With this recognition I could now resolve to move forward, and allow myself to take the journey back towards happiness. Hundreds of miles from where we had said goodbye to our baby girl, I could allow myself to say good bye to the dream of our baby girl. I knew I would carry her with me always, but now I could move forward. We had been stuck half way down the slope, but could now start our climb up the hill. In that June evening, overlooking the space needle, the Olympic Peninsula and Elliot Bay, we watched the sun set, and instead of darkness falling, felt it begin to lighten. We decided that we would return to Chicago, and make the most courageous decision of our lives, and attempt to have more children.
Last week, nearly eight years later, my husband and I returned to that park bench. The “Changing Form” statue remained, the view was still majestic. Once again we were playing the part of happy tourists from Chicago. But this time our hearts were truly and sincerely full of happiness because on that park bench sat the three lights of our lives, our three living children. They were bickering and laughing, shoving and hugging as they providing the sounds of summer. As I saw them sitting there, I looked out over the landscape and I knew that my view was indeed, crystal clear.
It was Mother’s Day weekend and I needed to be in that space, with those people. They are my family, they are my heart and they are my soul. Because even before they were born, the promise of their existence provided me with the courage to move forward out of the darkness and back toward happiness.
Bravery was necessary during last week’s trip because I was attending my first book signing and reading of a piece I wrote about our stillborn daughter and her role in our family called, “Our Family Love Story”. The story is included in a book, “Three Minus One”, and associated with the film “Return to Zero”.
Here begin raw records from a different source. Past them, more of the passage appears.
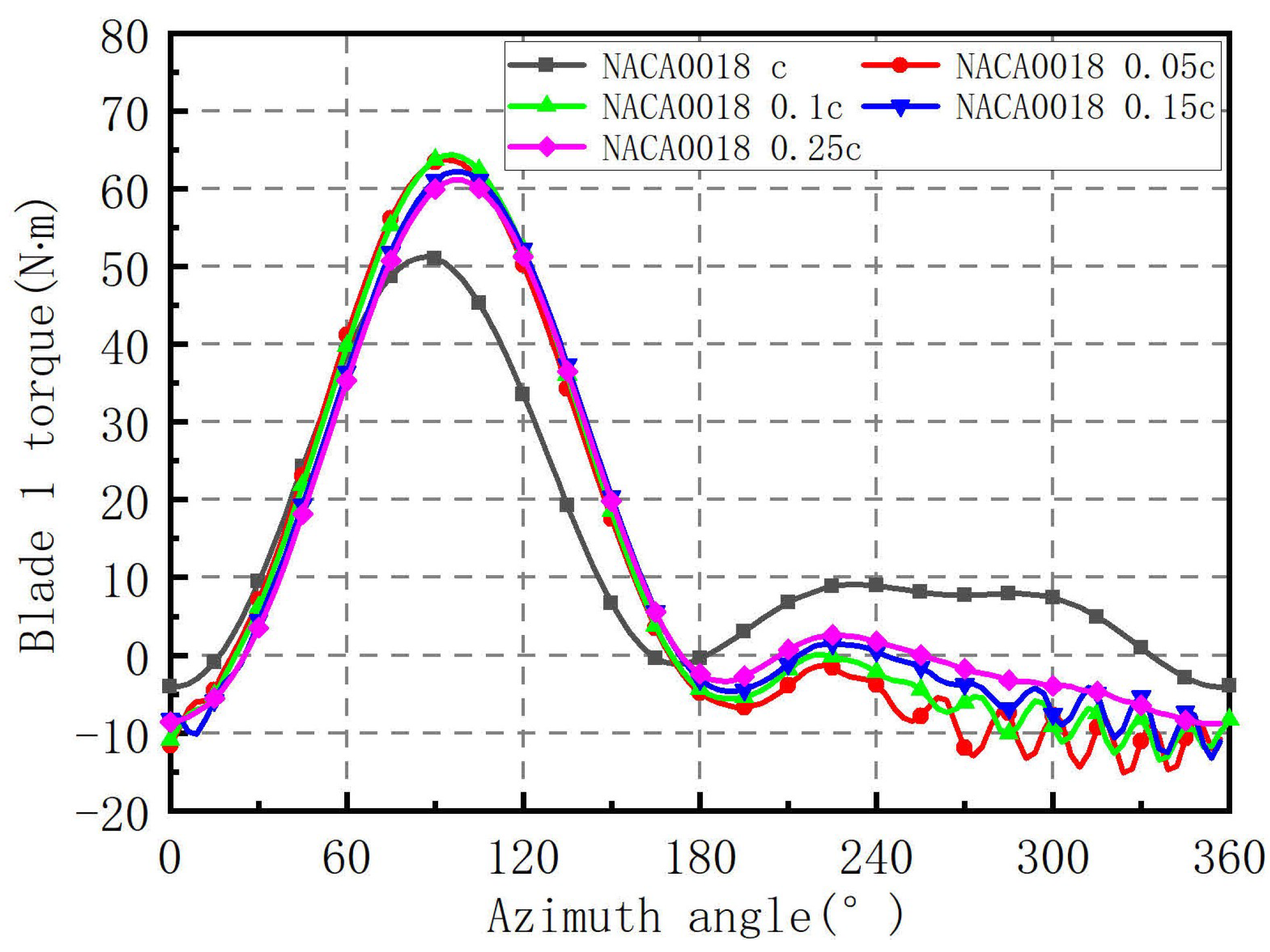 Energies 14 06426 g026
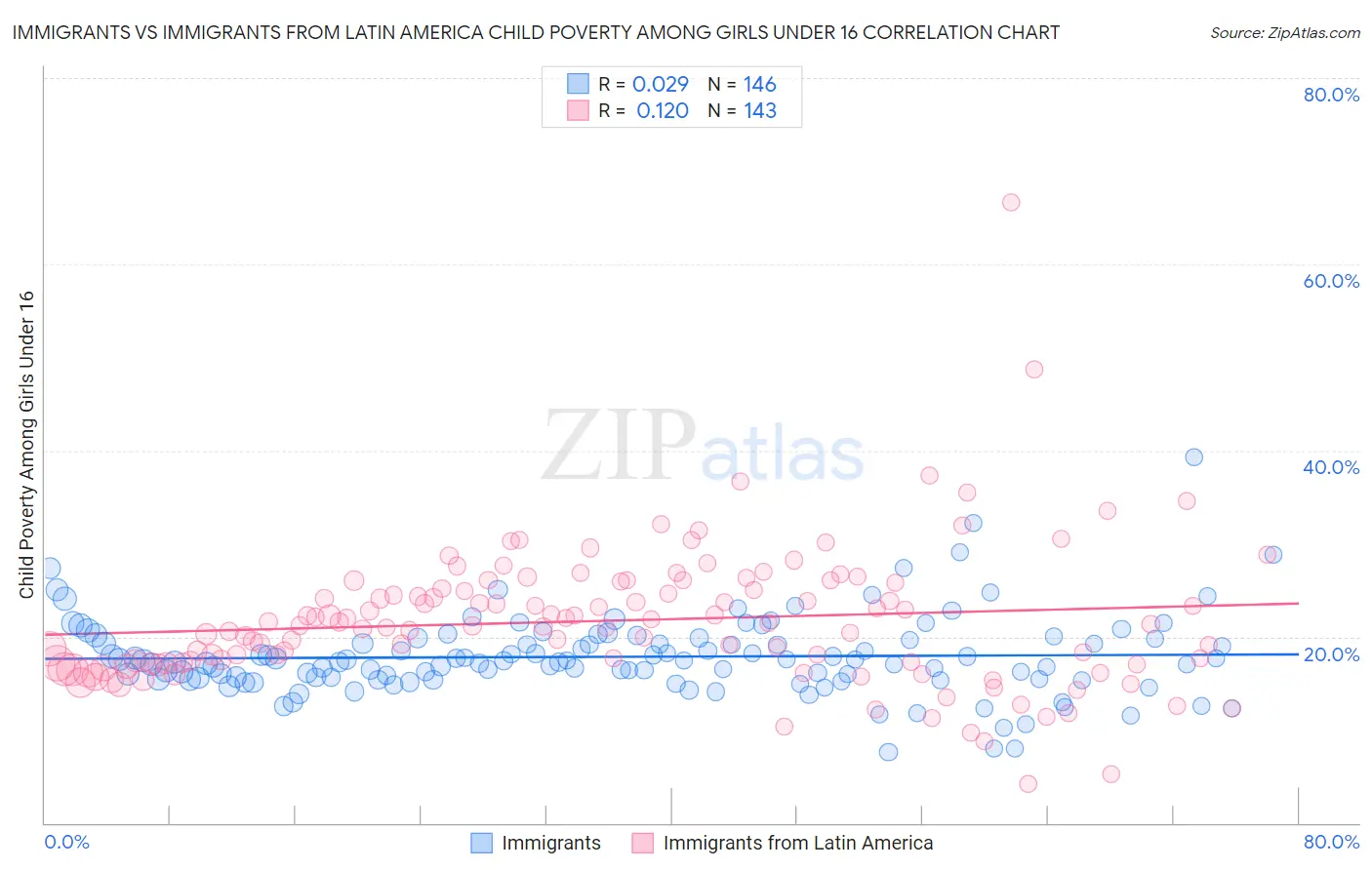 Immigrants vs Immigrants from Latin America Child Poverty Among Girls Under 16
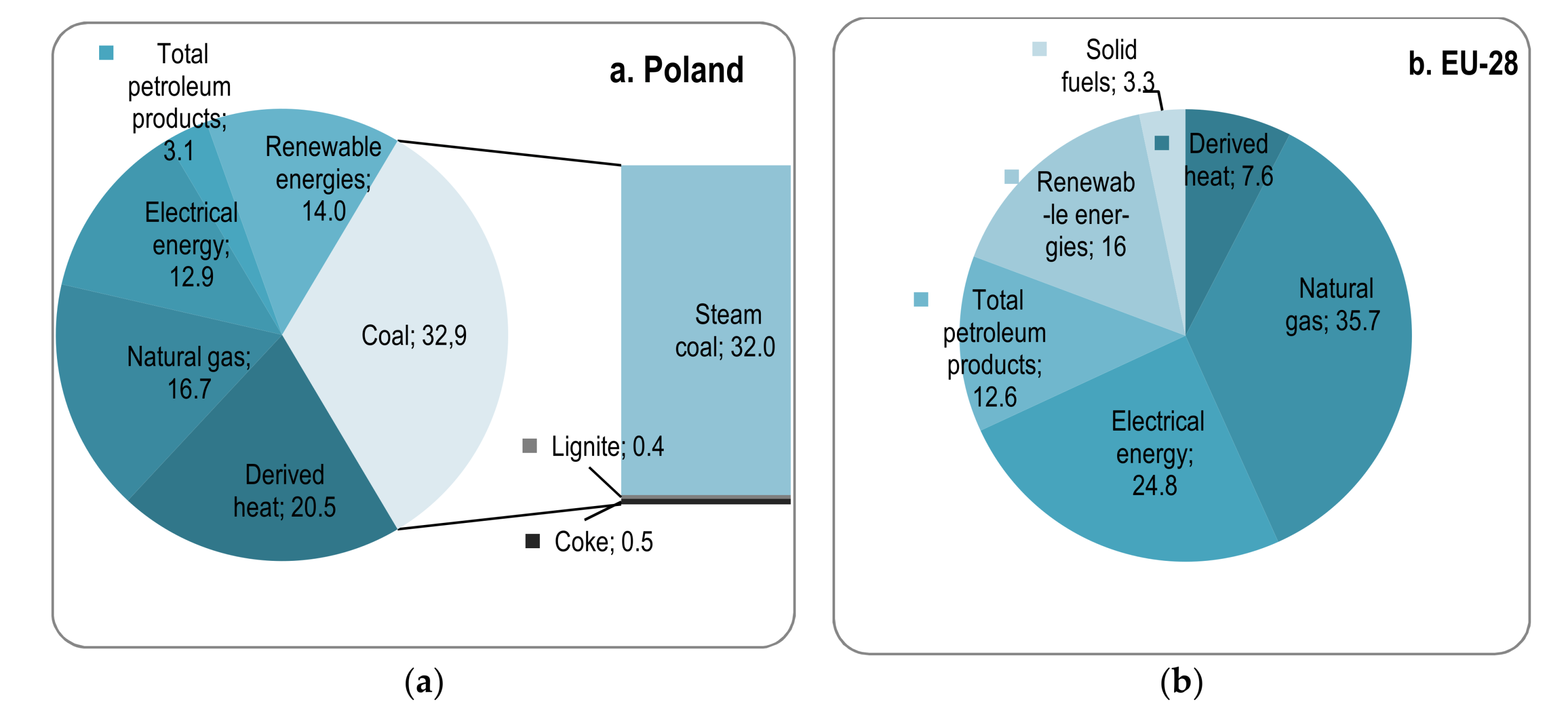 Energies 13 01072 g001 Energies 13 01072 g001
Starring Minnie Driver and Paul Adelstein, “Return To Zero” is based on the true story of a successful couple who is getting ready for the arrival their first child when the baby dies just weeks before the due date. The film premiers on Lifetime this Saturday, May 17th, at 8PM/7PM Central.
The book and the film surround a difficult topic. Because the topic of stillbirth is so heartbreaking it can lead to a silent suffering for those going through it. Director Sean Hanish and publisher Brooke Warner are hoping to break the silence of stillbirth, giving a voice to the parents who are grieving the loss of their children so that others can know they are not alone when this happens to them.
Breaking the silence, last week in Seattle, myself and six other authors read our pieces in the book at the Pacific Northwest Writers Association. We had not met before, but were instantly connected by a bond of motherhood and united because of a love of our children. In a powerfully moving afternoon we shared our stories remembering our children, Bennett, Dash, Frankie, Max, Isaiah, Annabelle and Trinity. Through our stories we were able to provide healing to one another and to others who attended the event, some who had suffered the death of a baby very recently and some many years ago. Because we were generous with our hearts and brave with our emotions, we know that the lives of our children have meaning and because of them, we have purpose.
I hope you will be brave enough to view the film this weekend, attend a reading if one is in your area and help others who might be going through the silent suffering of stillbirth.